Ahora bien, examinada la cuestión a la luz de ambas posiciones, no quedan dudas que resulta fundamental la ilegitimidad de la conducta inicial, extremo que, en la especie, y a tenor de la doble naturaleza objetiva-subjetiva de los elementos contenidos en la conducta desplegada por el encartado, se hospedó oportunamente en el entendimiento del procesado, activando su accionar consecuente.En suma, la conducta de quien se excede es ejecutada a título de dolo, pues quiso provocar el resultado de respuesta al abordaje violento, sólo que fue la consecuencia errónea de considerar objetivo/subjetivamente que era el único medio de suprimir la agresión vivenciada o, dicho en palabras de Pessoa (op. cit., p. 257), “el que se excede quiere hacer lo que hace, por eso su conducta es dolosa”. La existencia de error no afecta ese dolo, sino su motivación, nutriendo la articulación de una legítima defensa putativa, en la que, según Carlos Nino (La legítima defensa, p. 172, ed.

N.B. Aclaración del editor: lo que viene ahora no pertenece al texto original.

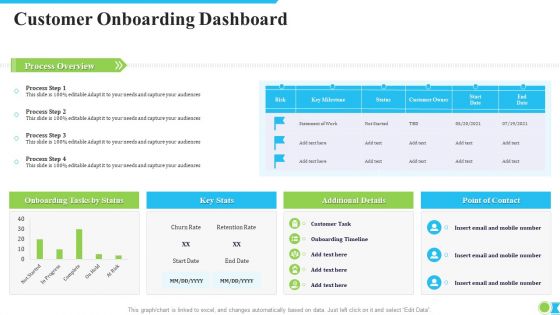 Customer Onboarding Dashboard Ppt Portfolio Clipart Images PDF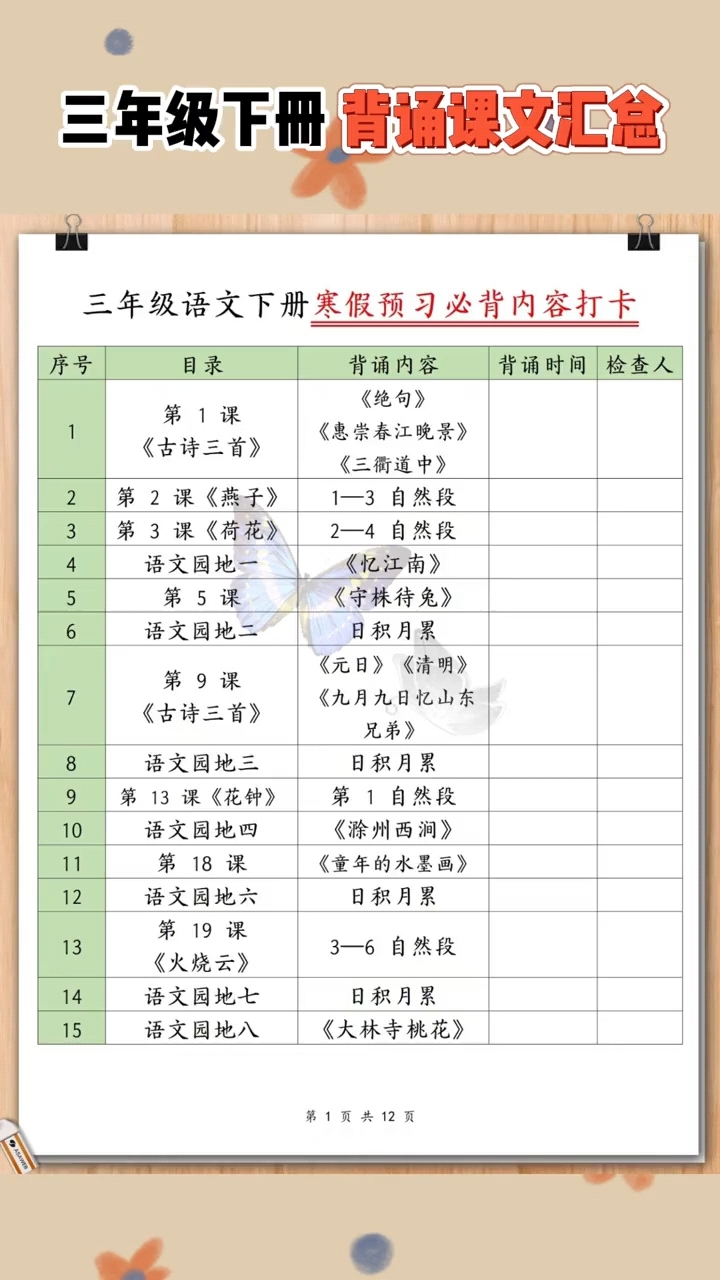 三年级语文下册要掌握的古诗、课文和日积月累都在这里了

Astrea, Buenos Aires, 1982), “el agente actúa por error: cree que se dan las condiciones que legitimarían su defensa, cuando en realidad, esto no ocurre”, con lo que “a la justificación parcial que disminuye su punibilidad por el hecho, se le agregan circunstancias que cancelan el consentimiento del agente o lo limitan al riesgo que el daño se produzca, con lo que se elimina o disminuye más esa punibilidad”.

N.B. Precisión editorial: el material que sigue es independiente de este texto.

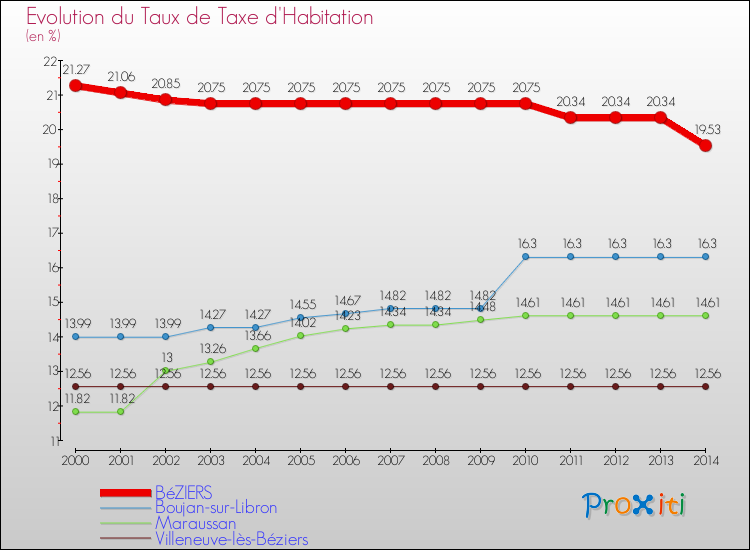 Evolution du taux de la taxe d'habitation pour BéZIERS et les communes proches de 2000 à 2014 Comparaison des taux de la taxe d'habitation pour BéZIERS et les communes voisines de 2000 à 2014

A la luz de lo preapuntado, la conducta desplegada por el procesado en la especie, se amolda a las exigencias establecidas por el art. 35 del Código Penal, a tenor de lo cual, corresponde declararlo responsable del delito de homicidio, con exceso en la legítima defensa.

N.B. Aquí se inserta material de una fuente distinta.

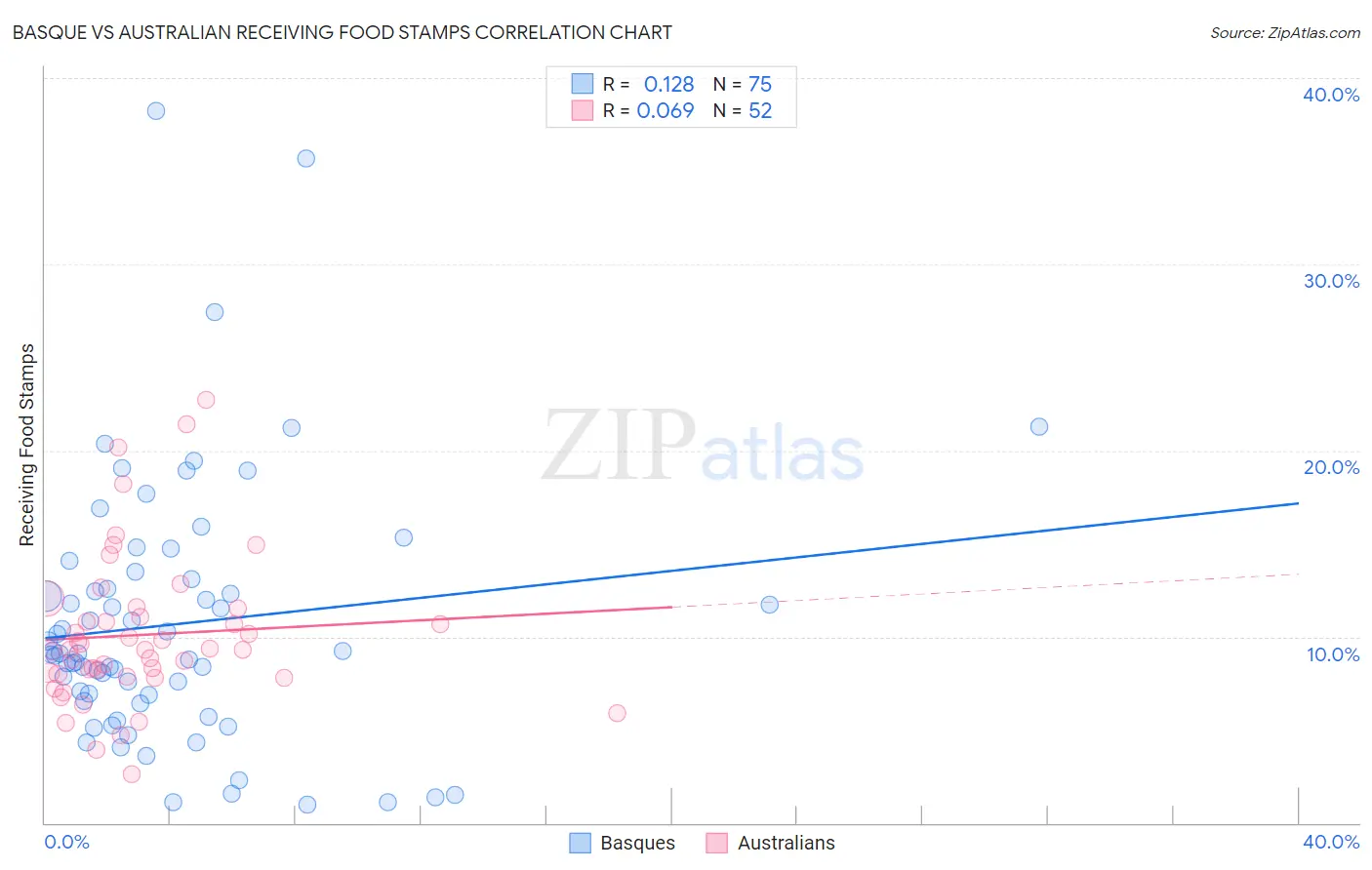 Basque vs Australian Receiving Food Stamps
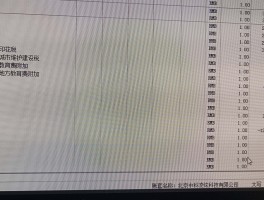 短信服务费属于什么费用科目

5. Por lo demás, también coincido con lo expresado por el Sr. Vocal preopinante en cuanto a que en la especie se dan los requisitos determinados por la doctrina legal consagrada por el Excmo. Superior Tribunal de Justicia para autorizar que la pena impuesta lo sea en forma de ejecución en suspenso, con ajuste a lo estatuido por el art. 26 del Código Penal (STJ, L.A. nº 50, fº 1413/1417, nº 465 y L.A. nº 51, fº 978/980, nº 345, entre otros precedentes).

Así voto.

El Dr. SERGIO MARCELO CAU LOUREYRO, dijo:

Que teniendo en cuenta lo establecido por el Art.12 de la Ley orgánica del Poder Judicial Nº 4055/84, adhiero en un todo a lo expresado en el primer voto.-

Tal es mi voto.

Por lo expuesto en los votos que anteceden, EL TRIBUNAL EN LO CRIMINAL Nº 2,

F A L L A:

I.- Condenando al procesado D. E. B., de las demás calidades personales dadas en autos, a cumplir la pena de TRES AÑOS DE PRISION en forma de ejecución condicional, por resultar ser autor material y responsable del delito de homicidio simple con exceso en la legítima defensa, previsto y penado por los arts. 79 y 35 del Código Penal de la Nación; accesorias legales y costas, conforme arts. 40, 41, 26 y 29 inc. 3º del citado código de fondo.

II.- Regulando los honorarios profesionales del Dr. MIGUEL ANGEL CABEZAS, en la suma de pesos . ($.), por su labor desarrollada en autos, de conformidad a los arts. 4 incs. “b” y “c”, 5 y 13 de la Ley de Aranceles para Abogados y Procuradores Nº 1687/46.

III.- Notifíquese, hágase saber, etc.